> _WHAT YOU HAVE TO DO_:
When the line containing "R13 Sherpa-collar Denim Jacket" appears in the data below, begin copying there and stop only after the line containing "BROQUELES PAR ORO 14 K 4,00 GRMS (SEMINUEVO)".

[DATA SUPPLIED — start]

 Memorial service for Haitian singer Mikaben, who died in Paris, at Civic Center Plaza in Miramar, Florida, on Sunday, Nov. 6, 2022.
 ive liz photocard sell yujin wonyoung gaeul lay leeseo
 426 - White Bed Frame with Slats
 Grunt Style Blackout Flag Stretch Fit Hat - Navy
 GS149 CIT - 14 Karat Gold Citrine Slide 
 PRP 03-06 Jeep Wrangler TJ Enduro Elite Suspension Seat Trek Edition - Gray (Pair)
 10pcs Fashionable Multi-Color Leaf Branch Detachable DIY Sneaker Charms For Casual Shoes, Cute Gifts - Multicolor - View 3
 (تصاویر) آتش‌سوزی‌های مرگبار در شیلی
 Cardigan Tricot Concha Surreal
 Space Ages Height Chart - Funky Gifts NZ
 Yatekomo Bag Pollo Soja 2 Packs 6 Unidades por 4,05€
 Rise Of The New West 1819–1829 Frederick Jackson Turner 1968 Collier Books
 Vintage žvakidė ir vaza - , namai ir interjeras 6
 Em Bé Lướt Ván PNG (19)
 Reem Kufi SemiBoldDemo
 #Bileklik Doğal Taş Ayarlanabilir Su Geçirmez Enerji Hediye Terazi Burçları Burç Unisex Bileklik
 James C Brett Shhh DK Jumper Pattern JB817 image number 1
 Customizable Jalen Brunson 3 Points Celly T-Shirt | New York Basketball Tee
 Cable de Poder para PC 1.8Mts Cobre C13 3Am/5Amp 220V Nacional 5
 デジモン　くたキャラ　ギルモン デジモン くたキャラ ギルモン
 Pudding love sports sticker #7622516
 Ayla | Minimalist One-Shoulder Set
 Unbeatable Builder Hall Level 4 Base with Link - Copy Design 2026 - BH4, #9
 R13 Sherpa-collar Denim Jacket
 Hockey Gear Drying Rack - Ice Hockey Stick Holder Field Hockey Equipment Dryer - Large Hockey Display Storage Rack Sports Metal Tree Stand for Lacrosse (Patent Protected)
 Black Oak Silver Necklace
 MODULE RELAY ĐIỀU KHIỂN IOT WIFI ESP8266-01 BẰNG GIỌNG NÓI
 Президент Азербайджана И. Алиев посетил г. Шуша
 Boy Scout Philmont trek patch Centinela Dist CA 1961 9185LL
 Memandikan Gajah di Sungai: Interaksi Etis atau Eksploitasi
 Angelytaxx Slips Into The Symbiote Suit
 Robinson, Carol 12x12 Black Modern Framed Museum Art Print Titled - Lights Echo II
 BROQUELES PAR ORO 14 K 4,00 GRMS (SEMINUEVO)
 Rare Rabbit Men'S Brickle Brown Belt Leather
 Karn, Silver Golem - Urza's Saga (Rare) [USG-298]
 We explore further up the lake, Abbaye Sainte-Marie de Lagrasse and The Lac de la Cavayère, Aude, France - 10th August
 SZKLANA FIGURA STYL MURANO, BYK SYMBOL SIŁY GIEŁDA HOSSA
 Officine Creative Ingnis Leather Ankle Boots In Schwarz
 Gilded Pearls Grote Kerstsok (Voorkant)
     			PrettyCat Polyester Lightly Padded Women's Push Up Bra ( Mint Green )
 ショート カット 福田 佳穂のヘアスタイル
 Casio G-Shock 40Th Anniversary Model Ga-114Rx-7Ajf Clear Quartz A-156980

[DATA SUPPLIED — finish]

> _SOLVED EXERCISE_:
 R13 Sherpa-collar Denim Jacket
 Hockey Gear Drying Rack - Ice Hockey Stick Holder Field Hockey Equipment Dryer - Large Hockey Display Storage Rack Sports Metal Tree Stand for Lacrosse (Patent Protected)
 Black Oak Silver Necklace
 MODULE RELAY ĐIỀU KHIỂN IOT WIFI ESP8266-01 BẰNG GIỌNG NÓI
 Президент Азербайджана И. Алиев посетил г. Шуша
 Boy Scout Philmont trek patch Centinela Dist CA 1961 9185LL
 Memandikan Gajah di Sungai: Interaksi Etis atau Eksploitasi
 Angelytaxx Slips Into The Symbiote Suit
 Robinson, Carol 12x12 Black Modern Framed Museum Art Print Titled - Lights Echo II
 BROQUELES PAR ORO 14 K 4,00 GRMS (SEMINUEVO)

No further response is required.